Doyle, Barlow & Mazard PLLC

On April 2, 2013, the Federal Trade Commission (“FTC”) and Charlotte Pipe and Foundry, (“Charlotte Pipe”), a leading producer and seller of cast iron soil pipes (“CISP”) used for sewage and drainage in the United States, entered into a settlement agreement to resolve the FTC's concerns related to Charlotte Pipe's acquisition of its competitor, Star Pipe Products, Inc. (“Star Pipe”) in 2010.
The FTC alleges that Charlotte Pipe's acquisition of Star Pipe harmed competition in the highly concentrated CISP market. CISP products are important components of pipeline systems used to transport wastewater from commercial, industrial, and multi-story buildings to municipal sewage systems, to vent plumbing systems, and to transport rainwater to storm drains. Construction firms, plumbers, and developers throughout the United States use CISP products.

In 2010, upwards of ninety percent of all CISP sales were made through one of two companies: Charlotte Pipe or McWane, Inc. When Star Pipe first entered into the market in 2007, it was able to make a foothold in face of stiff competition from the two larger players through aggressive pricing strategies. Star Pipe's tactics led to healthy competition and ultimately lower prices for consumers. With Charlotte Pipe's acquisition of Star Pipe, Charlotte Pipe and McWane were able to operate without a third aggressive competitor.

According to the FTC's complaint, Charlotte Pipe purchased Star Pipe's CISP business, customer lists, and assets for $19 million. The acquisition was kept secret from Star Pipe's customers as Star Pipe agreed to send letters to its customers informing them that Star Pipe exited the business, rather than informing the customers that Charlotte Pipe acquired Star Pipe. In addition, the purchase agreement included a “Confidentiality and Non-compete” clause, which effectively removed Star Pipe's key employees and executives from the domestic CISP market for a period of six years.

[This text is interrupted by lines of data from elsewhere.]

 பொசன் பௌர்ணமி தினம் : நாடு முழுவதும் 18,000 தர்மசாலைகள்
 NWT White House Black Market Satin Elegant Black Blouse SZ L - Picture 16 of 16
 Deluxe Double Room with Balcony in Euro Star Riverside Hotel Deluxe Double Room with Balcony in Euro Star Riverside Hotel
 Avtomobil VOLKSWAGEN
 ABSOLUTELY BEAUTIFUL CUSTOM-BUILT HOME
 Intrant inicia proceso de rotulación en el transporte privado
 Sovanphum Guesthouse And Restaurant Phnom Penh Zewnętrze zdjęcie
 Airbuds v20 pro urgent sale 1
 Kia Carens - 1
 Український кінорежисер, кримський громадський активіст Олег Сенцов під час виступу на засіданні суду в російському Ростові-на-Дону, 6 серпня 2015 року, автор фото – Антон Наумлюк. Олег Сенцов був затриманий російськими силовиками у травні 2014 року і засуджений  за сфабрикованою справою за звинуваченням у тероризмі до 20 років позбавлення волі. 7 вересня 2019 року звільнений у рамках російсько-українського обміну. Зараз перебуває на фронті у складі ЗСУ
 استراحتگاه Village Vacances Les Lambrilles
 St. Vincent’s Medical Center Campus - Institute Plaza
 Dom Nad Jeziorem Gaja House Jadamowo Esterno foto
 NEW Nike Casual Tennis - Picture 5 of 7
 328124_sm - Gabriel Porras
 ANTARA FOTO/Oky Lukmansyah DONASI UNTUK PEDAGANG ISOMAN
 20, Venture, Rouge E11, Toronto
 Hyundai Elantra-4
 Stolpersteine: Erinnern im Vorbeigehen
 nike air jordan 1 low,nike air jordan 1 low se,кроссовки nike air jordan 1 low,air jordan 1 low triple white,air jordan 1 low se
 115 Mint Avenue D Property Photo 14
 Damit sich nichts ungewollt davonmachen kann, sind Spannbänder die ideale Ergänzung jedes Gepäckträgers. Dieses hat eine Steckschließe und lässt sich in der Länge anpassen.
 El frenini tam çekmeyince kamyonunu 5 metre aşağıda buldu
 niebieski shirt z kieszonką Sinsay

Furthermore, Charlotte Pipe allegedly destroyed Star's CISP production equipment after acquiring the assets.

Under the current settlement, Charlotte Pipe must release Star Pipe and its employees from its non-compete clause and Charlotte Pipe's Chief Executive Officer must send letters to its customers explaining to them that it secretly acquired Star Pipe as well as other competitors and required the acquired firms to send letters to their customers stating that they were exiting the business rather than publicly disclosing that Charlotte Pipe had acquired them. Charlotte Pipe is also required to maintain a link on its website relating to the Star Pipe acquisition and Charlotte Pipe's other non-reportable transactions. Star Pipe to resume its business as a separate, competitive company. In addition, the settlement also contains provisions that require Charlotte Pipe to notify the FTC of all future acquisitions it makes in the U.S. CISP market.

Lessons Learned

This challenge is another demonstration of the FTC's stance on small consummated transactions that harm competition. Ultimately, even if the deal is small and flies under the HSR threshold, the FTC has the authority and the capability of taking action against behavior that it deems anticompetitive. This challenge reiterates that the FTC is serious about enforcing the antitrust laws against small mergers that do not meet the HSR thresholds. The fact that a deal is not HSR reportable does not mean that no antitrust issues exist with the combination. Here, the acquisition was for only $19 million. The FTC has a particular interest in post-acquisition competitive effects of consummated mergers. This consent agreement is also noteworthy because Charlotte Pipe is required to send a letter to its customers to inform them of its acquisitions in the industry.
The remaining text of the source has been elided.